───── PROVIDED MATERIAL
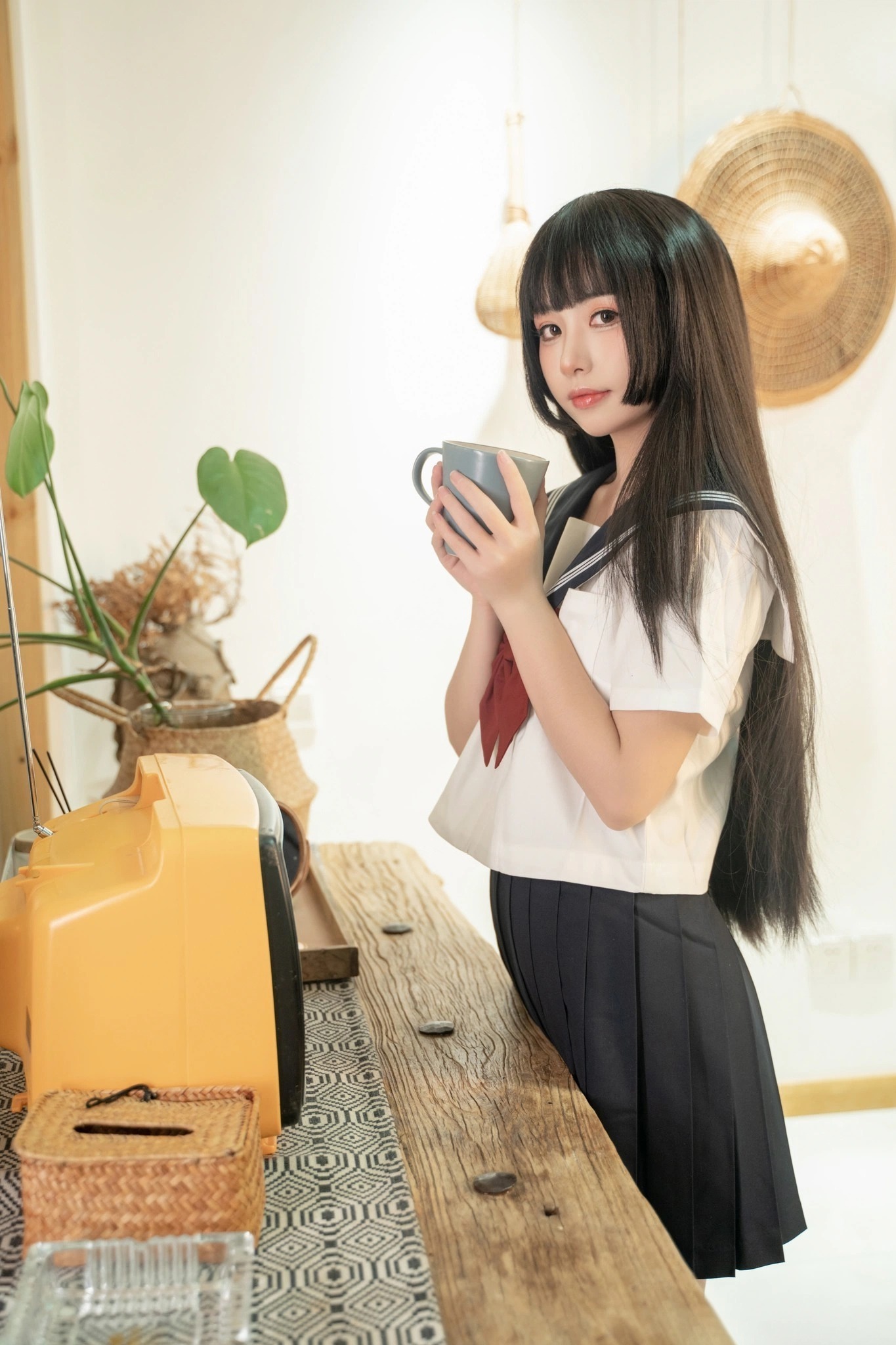 喵小吉-放學(xué)后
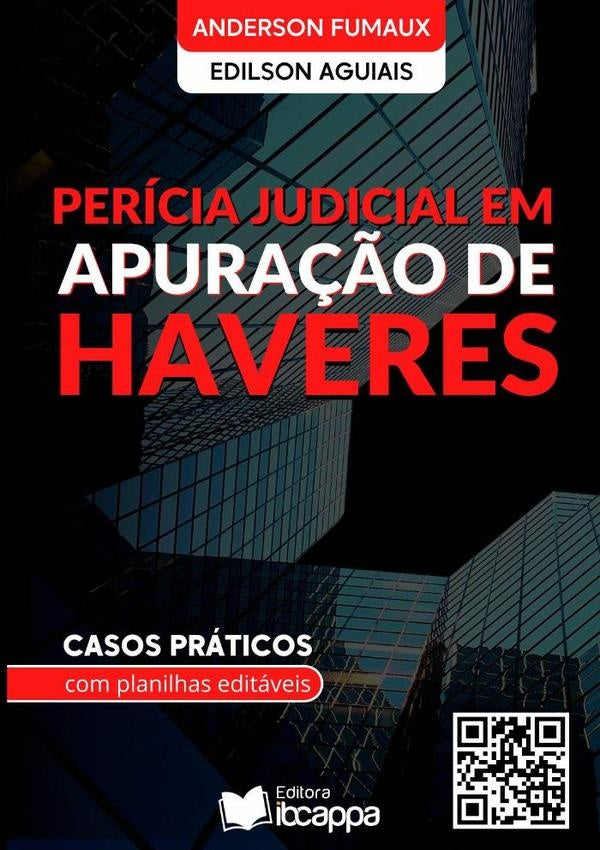 Perícia Judicial Em Apuração De Haveres | Fumaux Edilson Anderson. Aguiais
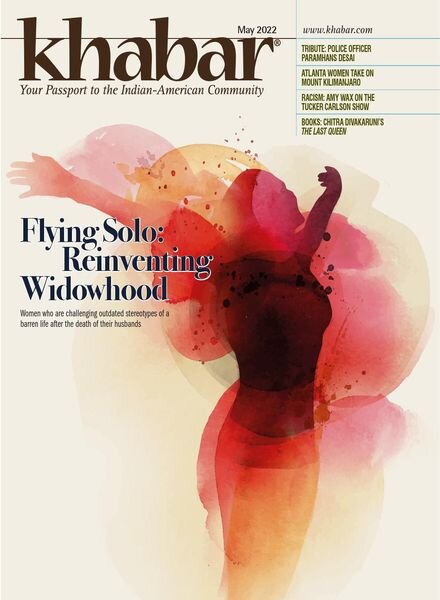 Khabar – May 2022 Cover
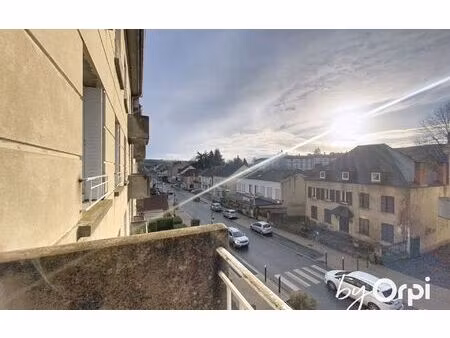 appartement saint-éloy-les-mines 69.56 m² t-4 à vendre  40 000 €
──────────
* YOUR ASSIGNMENT
Everything in the listing except the pictures must come back exactly as written.

* RESPONSE BELOW
 喵小吉-放學(xué)后
 Perícia Judicial Em Apuração De Haveres | Fumaux Edilson Anderson. Aguiais
 Khabar – May 2022 Cover
 appartement saint-éloy-les-mines 69.56 m² t-4 à vendre  40 000 €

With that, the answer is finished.